Example of identifiers:
actorA := []string{"tenant_a", "user_1"}
actorB := []string{"tenant_b", "user_2"}
actorC := []string{"tenant_b", "user_3", "service_foo"}
actorD := []string{"tenant_b", "user_3", "service_bar"}
More generally:
actorN := []string{"L0 Queue", "L1 Queue", "L2 Queue", ... "Ln Queue"}
The L0 queue (root queue) needs to be able to handle worker connections and therefore needs additional functionality compared to its leaf queues.
The following code snippet is meant to show the simplified recursive structure of the queues.
type Request interface{}
type Queue interface {
Deqeue(actor []string) Request
Enqueue(r Request, actor []string) error
}
// RequestQueue implements Queue
type RequestQueue struct {
queriers map[string]*querier
rootQueues map[string]*RootQueue
}
// RootQueue implements Queue
type RootQueue struct {
queriers map[string]*querier
leafs map[string]*LeafQueue
ch chan Request
}
// LeafQueue implements Queue
type LeafQueue struct {
leafs map[string]*LeafQueue
ch chan Request
}
Pros:
- Backwards compatible, because tenant can be identified as
[]string{"tenantID"}
- Queue hierarchy can be extended without changing the scheduler implementation
- Implementation does not require knowledge outside of its domain
Cons:
- More complex to implement than fixed amount of levels
- Each queue comes with memory overhead
Proposal 3: Multiple per-tenant sub-queues
Another option to keep the concept of users out of Loki and still provide some query fairness guarantees would be to simply shard request across multiple sub-queues within a tenant’s queue. The shard size could be a per-tenant setting to account for different tenant sizes.
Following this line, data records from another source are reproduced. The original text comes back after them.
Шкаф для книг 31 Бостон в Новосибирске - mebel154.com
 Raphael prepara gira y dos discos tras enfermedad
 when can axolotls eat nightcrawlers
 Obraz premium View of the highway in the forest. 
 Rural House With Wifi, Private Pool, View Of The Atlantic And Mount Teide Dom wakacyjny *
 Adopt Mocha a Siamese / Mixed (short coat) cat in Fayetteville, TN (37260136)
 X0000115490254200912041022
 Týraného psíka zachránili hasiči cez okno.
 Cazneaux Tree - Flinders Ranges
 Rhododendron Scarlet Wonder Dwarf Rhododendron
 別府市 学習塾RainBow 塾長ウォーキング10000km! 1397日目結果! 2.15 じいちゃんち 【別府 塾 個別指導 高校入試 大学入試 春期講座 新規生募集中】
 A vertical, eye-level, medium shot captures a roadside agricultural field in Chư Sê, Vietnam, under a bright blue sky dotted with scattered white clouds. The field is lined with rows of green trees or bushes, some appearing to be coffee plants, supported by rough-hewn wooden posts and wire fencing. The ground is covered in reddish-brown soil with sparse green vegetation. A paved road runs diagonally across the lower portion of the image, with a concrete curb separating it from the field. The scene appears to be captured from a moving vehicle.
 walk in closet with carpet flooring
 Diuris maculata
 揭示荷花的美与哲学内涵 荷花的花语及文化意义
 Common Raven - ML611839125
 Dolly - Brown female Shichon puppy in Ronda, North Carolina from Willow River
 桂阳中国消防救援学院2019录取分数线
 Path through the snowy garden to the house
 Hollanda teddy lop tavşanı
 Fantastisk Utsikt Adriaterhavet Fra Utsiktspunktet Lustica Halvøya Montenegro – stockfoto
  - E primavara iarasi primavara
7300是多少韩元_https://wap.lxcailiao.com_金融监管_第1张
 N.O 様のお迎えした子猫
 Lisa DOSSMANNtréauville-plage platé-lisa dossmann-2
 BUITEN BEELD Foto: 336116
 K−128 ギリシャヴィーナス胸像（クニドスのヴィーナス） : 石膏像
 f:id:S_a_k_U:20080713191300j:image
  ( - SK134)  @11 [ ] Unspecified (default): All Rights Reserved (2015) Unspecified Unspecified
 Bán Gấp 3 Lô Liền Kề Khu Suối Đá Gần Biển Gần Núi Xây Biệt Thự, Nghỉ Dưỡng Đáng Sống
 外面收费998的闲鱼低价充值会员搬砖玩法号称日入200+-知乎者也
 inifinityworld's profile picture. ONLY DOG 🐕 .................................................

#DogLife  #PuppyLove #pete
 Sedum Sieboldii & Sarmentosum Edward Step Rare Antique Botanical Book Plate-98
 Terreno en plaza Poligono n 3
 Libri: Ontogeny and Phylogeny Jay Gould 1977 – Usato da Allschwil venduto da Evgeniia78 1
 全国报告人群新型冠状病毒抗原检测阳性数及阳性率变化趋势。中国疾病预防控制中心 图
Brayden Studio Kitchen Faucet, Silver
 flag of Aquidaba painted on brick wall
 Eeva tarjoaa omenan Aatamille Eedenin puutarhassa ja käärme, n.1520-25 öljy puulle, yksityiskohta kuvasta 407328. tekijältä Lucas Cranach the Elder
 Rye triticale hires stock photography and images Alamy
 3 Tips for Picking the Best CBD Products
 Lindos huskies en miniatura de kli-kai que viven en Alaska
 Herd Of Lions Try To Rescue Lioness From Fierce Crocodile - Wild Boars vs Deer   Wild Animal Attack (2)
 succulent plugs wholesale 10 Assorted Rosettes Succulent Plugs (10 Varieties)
This is similar to Proposal 1, in the sense of adding another fixed level of sub-queues. However, with the difference, that in this case, a single query request is assigned a random identifier that is hashed. When the query is split, the sub-requests maintain the same hashed identifier. The modulor of the hash defines to which sub-queue of a tenant requests will be enqueued.
Pros:
- User agnostic per-request QoS control
Cons:
- Requests of individual users can still effect other users
- Not extensible
Alternative:
Sharding on a per-request basis can still be achieved with Proposal 2, by adding the request hash as an additional level in the hierarchy.
actor := []string{"tenant", "user", "request_hash"}
Consensus
Proposal 2 is going to be implemented.